Invest in a portable battery pack. Many of the venues do not have the most convenient outlet locations, forcing you to charge from a wall outlet in risky areas (I have seen people get tripped over and phones getting walked on while charging in high traffic areas).

If you plan on being at the event for most of the day, and using your phone for most of the day, then it's a sure bet you're going to need to charge it at least once during the day. My normal routine is going into a panel and plugging the phone in from a battery pack inside my backpack. This usually allows for an almost one-hour charge, assuming you are planning on staying for the entire panel (typical panels are about 45-50 mins with time in-between for clearing out and moving in).

My personal portable battery pack

Anker PowerCore 13000, Compact 13000mAh 2-Port Ultra-Portable Phone Charger Power Bank with PowerIQ and VoltageBoost Technology for iPhone, iPad, Samsung Galaxy (White)
Anker PowerCore 13000, Compact 13000mAh 2-Port Ultra-Portable Phone Charger Power Bank with PowerIQ and VoltageBoost Technology for iPhone, iPad, Samsung Galaxy (White)

I have recently upgraded to this charger. Smaller and lighter then my previous version. Can also use the same cord to charge the pack and charge my phone.

 

Make Sure to Bring Cash

Many venues offer WiFi for the exhibitors, but it comes at a cost and sometimes that cost is too much. It is difficult to get good data signals inside certain venues so although many exhibitors allow you to purchase items via card sometimes it is not reliable. I have had many situations where I tried to purchase things via card and it would not go through because of the unreliable data signals, resorting in me having to pay cash.

There are venues that offer ATM machines, but these of course are not likely to be affiliated with your bank and you will pay hefty fees for withdrawing money from them. So it's always best to show up with some cash if you are planning on making a purchase.

Be Considerate of Others

For many people it is also their first experience. Sometimes this can be daunting especially if you are by yourself attending the event (which I have also done many times and so do others).

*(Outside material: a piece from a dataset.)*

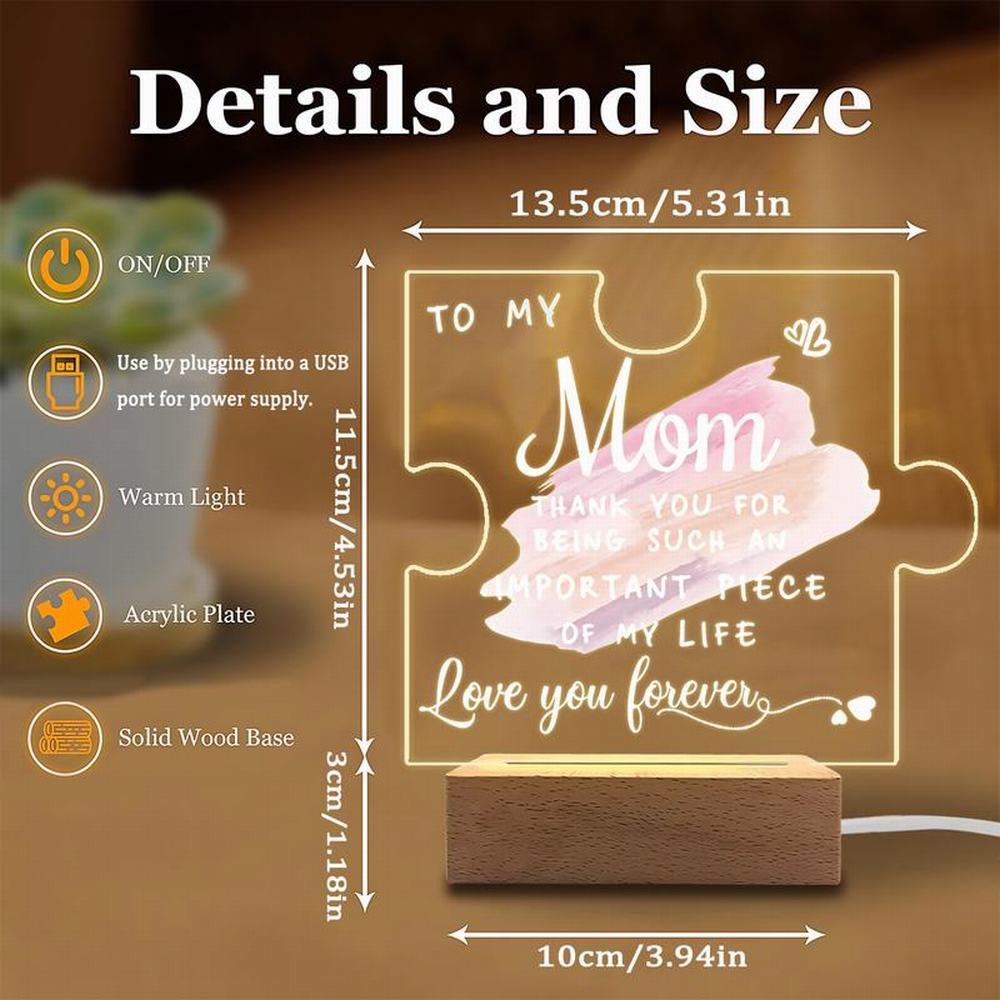 1PC Acrylic Luminous Ornament Photography Accessories, USB Base, Best Mom Gift, Puzzle Plaque Figurines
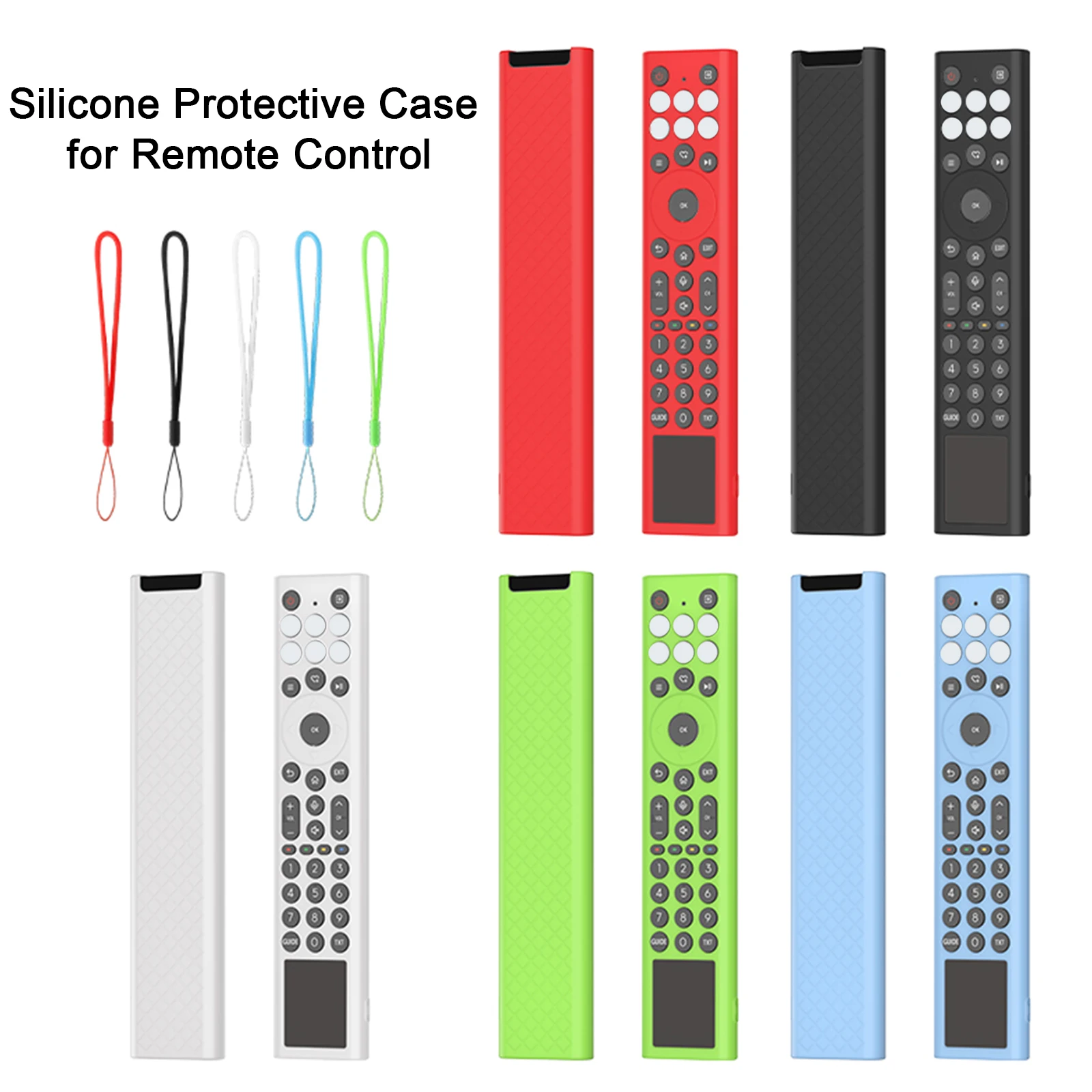 Silicone Protective Case with Lanyard Shockproof Remote Controller Cover Protector Soft Shell for Hisense ERF6A66 Accessories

Some things to be aware of to not be "that person" while at a convention would be:

  • Don't stand in high traffic areas. Some of the larger events will actually have voulenteers forcing people out of the more congested areas but there are always people blocking isles on the showroom floors and hallways within the venue. If you are not traveling from one place to another it's always best to stand to the side or out of the way of traffic.
  • Be mindful of your smartphone/camera. Too often I see attendees holding up devices to record the moment. While I do this as well at times I am always mindful of blocking someones view of the same subject. When you AND your device takes precedence over another individuals viewpoint then it becomes a problem, and when this is multiplied by 100 other people then it creates a negative prejudice towards any smartphone user in the crowd as a jerk.
  • Ask to take a cosplayer photo. Many events now have rules for cosplay photography and taking a photo without the cosplayer consent is generally frowned upon, in some venues it could be grounds for ejection from the event.
  • Be mindful of your drinks. I have seen far to many people have their cosplay ruined by someone not watching their beer or energy drink. In a place with tons of other people the least I think one could do is be mindful of their drink not going all over someone else.
  • Throw your garbage in the trash, and recycle. Many venues offer tons of trash receptacles and recycle bins. I still see so much littering everywhere. There's no excuse to leave an empty bottle or wrapper on a chair or bench when you will pass by a trashcan on your way out of the room.